[Activity] The lines from the start of the data through the line with "Lexus LS400" are to be returned verbatim; all later lines are to be omitted.

[Stored data entries]
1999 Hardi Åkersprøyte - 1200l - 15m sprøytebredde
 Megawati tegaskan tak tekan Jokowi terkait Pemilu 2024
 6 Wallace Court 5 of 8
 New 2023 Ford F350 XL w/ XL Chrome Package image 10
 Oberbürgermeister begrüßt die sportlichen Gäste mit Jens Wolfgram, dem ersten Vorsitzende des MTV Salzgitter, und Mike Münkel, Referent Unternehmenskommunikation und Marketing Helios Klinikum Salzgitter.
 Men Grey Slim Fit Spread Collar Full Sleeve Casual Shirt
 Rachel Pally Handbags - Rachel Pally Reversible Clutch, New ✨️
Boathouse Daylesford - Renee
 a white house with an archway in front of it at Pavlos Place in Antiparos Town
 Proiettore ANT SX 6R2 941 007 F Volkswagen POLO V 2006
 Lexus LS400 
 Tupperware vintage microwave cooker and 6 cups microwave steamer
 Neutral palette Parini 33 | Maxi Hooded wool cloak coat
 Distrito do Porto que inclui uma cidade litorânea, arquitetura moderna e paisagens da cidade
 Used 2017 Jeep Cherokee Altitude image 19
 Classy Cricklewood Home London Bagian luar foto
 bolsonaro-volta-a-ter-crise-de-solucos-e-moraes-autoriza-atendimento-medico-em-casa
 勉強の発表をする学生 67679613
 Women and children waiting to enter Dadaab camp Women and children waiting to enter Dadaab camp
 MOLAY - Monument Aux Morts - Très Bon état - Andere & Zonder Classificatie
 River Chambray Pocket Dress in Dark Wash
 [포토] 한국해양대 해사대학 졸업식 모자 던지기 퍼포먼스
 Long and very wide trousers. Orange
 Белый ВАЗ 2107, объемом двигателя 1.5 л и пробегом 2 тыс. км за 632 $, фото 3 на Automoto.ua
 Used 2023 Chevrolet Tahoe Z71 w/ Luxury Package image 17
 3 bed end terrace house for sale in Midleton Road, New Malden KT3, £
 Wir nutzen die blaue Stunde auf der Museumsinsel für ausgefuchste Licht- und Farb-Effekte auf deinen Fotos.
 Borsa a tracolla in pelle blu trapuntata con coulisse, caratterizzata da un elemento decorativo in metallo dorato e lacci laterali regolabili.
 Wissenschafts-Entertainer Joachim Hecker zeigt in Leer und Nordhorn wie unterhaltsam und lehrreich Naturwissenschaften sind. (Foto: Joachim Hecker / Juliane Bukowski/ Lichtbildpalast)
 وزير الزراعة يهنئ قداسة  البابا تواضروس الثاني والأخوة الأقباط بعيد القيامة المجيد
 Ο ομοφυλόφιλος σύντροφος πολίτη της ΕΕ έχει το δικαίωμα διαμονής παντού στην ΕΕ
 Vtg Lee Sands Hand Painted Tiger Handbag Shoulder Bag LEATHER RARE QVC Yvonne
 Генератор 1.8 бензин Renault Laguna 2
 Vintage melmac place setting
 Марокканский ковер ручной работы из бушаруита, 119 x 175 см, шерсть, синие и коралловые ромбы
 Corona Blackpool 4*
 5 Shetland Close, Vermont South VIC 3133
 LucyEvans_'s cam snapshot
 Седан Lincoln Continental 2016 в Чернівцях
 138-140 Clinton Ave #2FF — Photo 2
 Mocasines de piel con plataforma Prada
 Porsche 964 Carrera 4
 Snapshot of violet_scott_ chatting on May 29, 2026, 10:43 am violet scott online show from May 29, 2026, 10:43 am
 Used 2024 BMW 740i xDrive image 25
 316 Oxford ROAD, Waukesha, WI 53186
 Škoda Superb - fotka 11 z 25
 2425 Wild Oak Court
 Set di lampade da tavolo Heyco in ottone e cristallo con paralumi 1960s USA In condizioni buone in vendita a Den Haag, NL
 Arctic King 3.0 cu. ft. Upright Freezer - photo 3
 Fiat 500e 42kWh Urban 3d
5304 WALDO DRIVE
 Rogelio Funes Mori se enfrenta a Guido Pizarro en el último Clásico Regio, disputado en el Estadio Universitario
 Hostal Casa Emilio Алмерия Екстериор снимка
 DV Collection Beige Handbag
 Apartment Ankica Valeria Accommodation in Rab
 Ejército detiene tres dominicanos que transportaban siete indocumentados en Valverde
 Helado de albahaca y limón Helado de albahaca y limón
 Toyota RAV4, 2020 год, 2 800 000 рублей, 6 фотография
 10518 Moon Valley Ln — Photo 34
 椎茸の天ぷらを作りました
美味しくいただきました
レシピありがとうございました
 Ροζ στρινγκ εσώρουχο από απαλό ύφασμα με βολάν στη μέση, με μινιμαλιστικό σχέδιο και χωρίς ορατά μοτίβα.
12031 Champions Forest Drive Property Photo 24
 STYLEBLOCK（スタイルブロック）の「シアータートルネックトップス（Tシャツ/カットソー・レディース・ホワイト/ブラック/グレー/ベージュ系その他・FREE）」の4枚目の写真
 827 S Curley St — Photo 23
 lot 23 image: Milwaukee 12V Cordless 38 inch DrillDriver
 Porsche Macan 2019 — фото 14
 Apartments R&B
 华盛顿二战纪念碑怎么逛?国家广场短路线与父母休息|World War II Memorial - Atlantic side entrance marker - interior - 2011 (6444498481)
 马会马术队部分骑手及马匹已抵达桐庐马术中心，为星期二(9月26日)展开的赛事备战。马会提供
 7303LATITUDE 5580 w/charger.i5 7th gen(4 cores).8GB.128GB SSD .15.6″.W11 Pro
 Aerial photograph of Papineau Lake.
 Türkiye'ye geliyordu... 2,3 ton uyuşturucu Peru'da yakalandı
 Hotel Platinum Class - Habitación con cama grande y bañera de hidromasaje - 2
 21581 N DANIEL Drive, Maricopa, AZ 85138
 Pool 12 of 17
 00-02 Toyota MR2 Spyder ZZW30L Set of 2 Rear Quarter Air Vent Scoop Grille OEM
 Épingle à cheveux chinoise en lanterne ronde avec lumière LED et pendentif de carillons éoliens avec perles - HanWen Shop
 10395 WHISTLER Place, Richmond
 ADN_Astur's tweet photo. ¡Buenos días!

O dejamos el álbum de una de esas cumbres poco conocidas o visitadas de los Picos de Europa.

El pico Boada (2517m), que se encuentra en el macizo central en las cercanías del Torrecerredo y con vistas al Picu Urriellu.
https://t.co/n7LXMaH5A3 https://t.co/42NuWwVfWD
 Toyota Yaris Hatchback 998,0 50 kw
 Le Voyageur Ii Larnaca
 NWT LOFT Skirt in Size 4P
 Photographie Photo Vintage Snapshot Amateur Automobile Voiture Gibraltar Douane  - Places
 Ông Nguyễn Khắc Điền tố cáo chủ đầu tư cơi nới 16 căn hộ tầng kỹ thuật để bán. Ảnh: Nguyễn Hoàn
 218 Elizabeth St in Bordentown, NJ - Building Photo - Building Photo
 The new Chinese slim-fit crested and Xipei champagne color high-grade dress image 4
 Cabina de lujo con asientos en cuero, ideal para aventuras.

[Your response]
1999 Hardi Åkersprøyte - 1200l - 15m sprøytebredde
 Megawati tegaskan tak tekan Jokowi terkait Pemilu 2024
 6 Wallace Court 5 of 8
 New 2023 Ford F350 XL w/ XL Chrome Package image 10
 Oberbürgermeister begrüßt die sportlichen Gäste mit Jens Wolfgram, dem ersten Vorsitzende des MTV Salzgitter, und Mike Münkel, Referent Unternehmenskommunikation und Marketing Helios Klinikum Salzgitter.
 Men Grey Slim Fit Spread Collar Full Sleeve Casual Shirt
 Rachel Pally Handbags - Rachel Pally Reversible Clutch, New ✨️
Boathouse Daylesford - Renee
 a white house with an archway in front of it at Pavlos Place in Antiparos Town
 Proiettore ANT SX 6R2 941 007 F Volkswagen POLO V 2006
 Lexus LS400 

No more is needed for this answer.